Now that the scalpel configuration file is set up to find odt's it's time to carve. First find out what the device name of interest is:
In my case I wanted to search /dev/sdb1 which was a usb external hard drive. Now run scalpel adding the '-b' flag so that it will even recover a file if it's missing a footer. This will recover junk but I REALLY wanted my files back, regardless of condition. DO NOT RECOVER THE FILES TO THE SAME PARTITION THAT IS BEING SEARCHED or you risk overwriting files before they are analysed or even falling into a recursive loop. This violates a primary rule of forensics, NEVER MOUNT THE DRIVE TO BE ANALYSED.
Code:
mkdir ~/Desktop/scalpel_recovered_files/
sudo scalpel /dev/sdb1 -b -o ~/Desktop/scalpel_recovered_files/
If you're lucky you'll end up with less than a hundred odt's to search through, but this is a pain so lets use the command line instead of the mouse.

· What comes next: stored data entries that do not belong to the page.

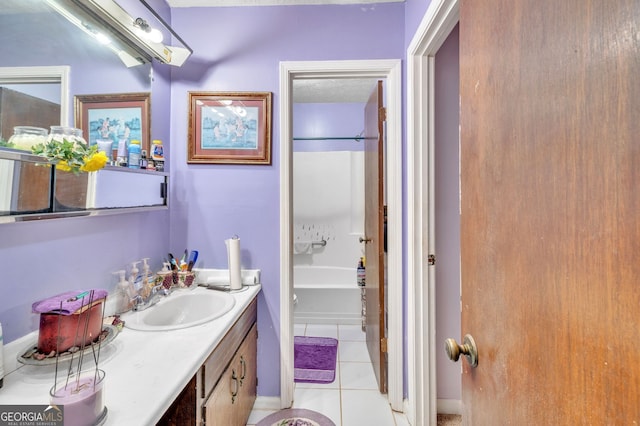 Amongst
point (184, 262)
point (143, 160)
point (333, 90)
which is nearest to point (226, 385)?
point (184, 262)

If I had titled my manual 'FTL Drive Manual' I would find it by:
Code:
cd ~/Desktop/scalpel_recovered_files/; grep "FTL Drive Manual" *;
In the case of the Thunderbird Local Folder data files there is no distinct footer to identify its end. For that reason the configuration script was told to just dump whatever 100MB comes after the header. I didn't try using Thunderbird to recover these until I had used vim to manually delete the junk off the tail of the file.
Good luck and please add your own scalpel configuration lines to this post to help the rest of us!